Posted On March 10, 2017
Mortgage rates were on the rise this week, ahead of next week’s Federal Open Market Committee (FOMC) meeting. After this week’s positive job numbers from the ADP employment report, many economists are predicting a rate hike will take place next week.
Consumer credit growth slowed in January to a pace of $8.8 billion, down from December’s growth of $14.8 billion. Revolving credit declined at a rate of 4.6%, the most significant decline since December 2012. Non-revolving credit increased at a rate of 5.5%, but not enough to offset revolving credit’s drop. Revolving credit has shown some volatility in recent month, but non-revolving growth has held steady.
Each week, the Mortgage Bankers Association (MBA) releases a survey of mortgage applications including new purchases, refinances, and a composite index. The MBA mortgage application survey has shown some volatility over the past few weeks, up last week and down the two weeks before that. For the week ending on 3/3, new purchase applications are up 2.0% and refinance applications are up 5.0% for a composite increase of 3.3%. As rates rise, refinance activity has been on a steady decline, reaching its lowest level since November 2008 last week.

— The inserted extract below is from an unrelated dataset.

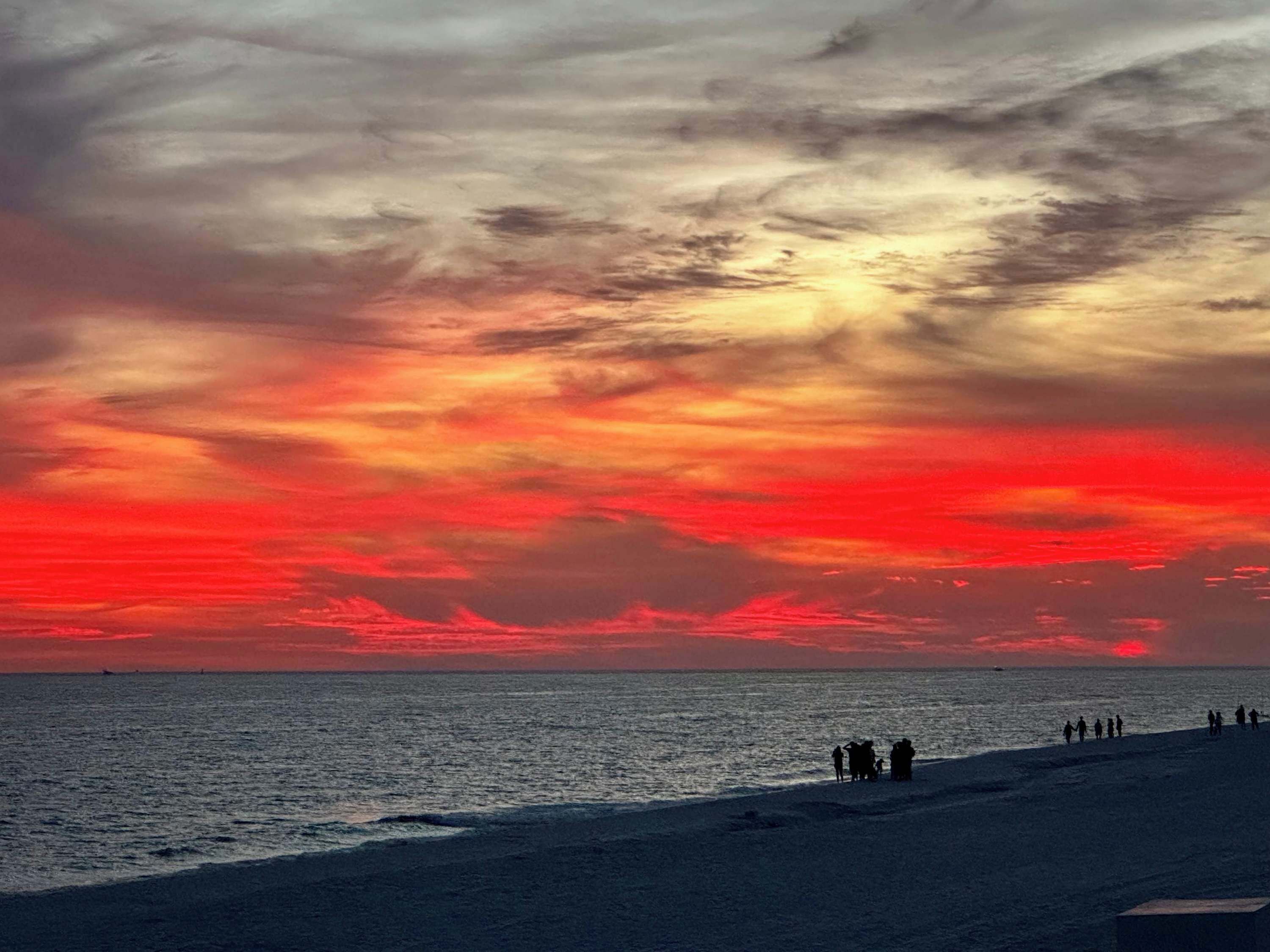 Een strand met een zonsondergang.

The ADP employment report tracks changes in hiring in the private sector. In February, the ADP employment report expanded by 298,000 jobs, surpassing growth expectations of 190,000 jobs. Moody’s Analytics reports good producers are up 106,000 jobs, construction jobs are up by 66,000, and manufacturing jobs are up by 32,000. Moody’s Analytics chief economist, Mark Zandi, said, “confidence is playing a large role. Businesses are anticipating a lot of good stuff – tax cuts, less regulation. They are hiring more aggressively.”